Ehem, didgeridoo ve Kapadokya nasıl bağlanır şimdi göreceksiniz:
Funda ve ofis arkadaşları ortasında avlusu olan 3 tane baca evde kalmaktaydılar, sabah hep beraber kahvaltı etmek için avluya çıkıldı, sofra hazırlandı ve Atıl dedi ki ben gidip ekmek alayım. Geldiğinde elinde 3-4 tane ekmek, yanında da sırtında upuzun ve ne işe yaradığını anlayamadığımız bir tahta boru taşıyan, sarı ve raspalı saçlı bir eleman ve de elemanın kız arkadaşı vardı. “O ha” dedik, “sen ekmek almaya gitmiştin, iyi ki gazete ve süt de alayım demedin” :)
Sonradan öğrendik ki o boru Aborjinlerin yerel bir müzik aleti olan didgeridoo imiş. (ayrıntılı bilgi için bkz.) Adını şu an hatırlayamadığım Hollandalı bu arkadaş, kendi didgeridoosunu kendi yapmış, Bulgar sevgilisiyle beraber o ülke senin bu ülke benim dolaşmaktaymış. Son derece keyifli bir kahvaltıdan sonra bize mini bir konser verdiler. Sonra da biz denedik çalmayı ama ufak bir tıslamadan öteye gidemedi çıkardığımız ses. Hayran oldum kendilerine, taşıdıkları özgür ruhlara, bunlar dünyanın çiçekleri dedi birisi ve herkes hakverdi. Kapadokya'yı bıraktık, elemanlarla sohbet ettik. Kapadokya zaten hep orada ama elinde didgeridoo dünyayı dolaşan bu çifti bir daha görme şansımız olmayacaktı. (Gerçi ilerki postlardan birinde e yuh artık denilecek türden bazı karşılaşma hikayeleri anlatacağım)

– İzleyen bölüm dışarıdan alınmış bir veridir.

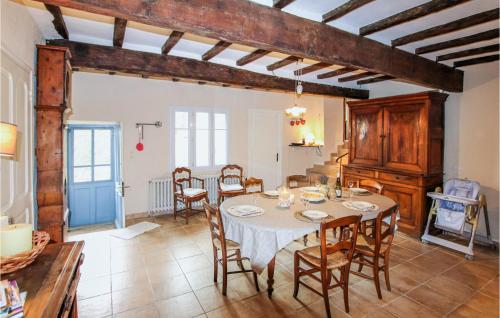virtuve, Lovely Home In Salles Sous Bois in Salles-sous-Bois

E nasıl bir ses çıkartır bu didgeridoo diyenler içinde, üstad Jeremy Donovan’dan güzel bir dinleti sunayım size:



Eskiden eline gitarını alan dünya turuna çıkardı. Şimdi didgeridoo ile yapılmakta bu eylem. Mesela şöyle.Çıkmaya niyeti olanlar varsa bunu bilsin de çıksın.
Aklımdayken söyliyeyim, ikinci paragrafın son cümlesinde yazılı olan sebepten ötürü şu kitabı da okumadım henüz.

2 yorum:

Adsız dedi ki...

ya bayan, neden sizin bu güzel blogunuza kimse yorum girmiyor, sadece ben mi okuyorum acaba.. öyle bir his var, sadece bana yazıyormuşsunuz gibi, doğrusunu söylemek gerekirse ben de pek iyi bir takipçi değilim..

cinuçen..

CHROMA dedi ki...

merhaba cinuçen,
neden yorum girilmiyor bilmiyorum. ama normalde de böyle bir yapım var benim. gittiğim yerde herkes susar, pek konuşulmaz. Sessiz sakin olur.
Aslına bakarsan yorum girilmesi de gerekmiyor zaten. Öylesine yazıyorum ben.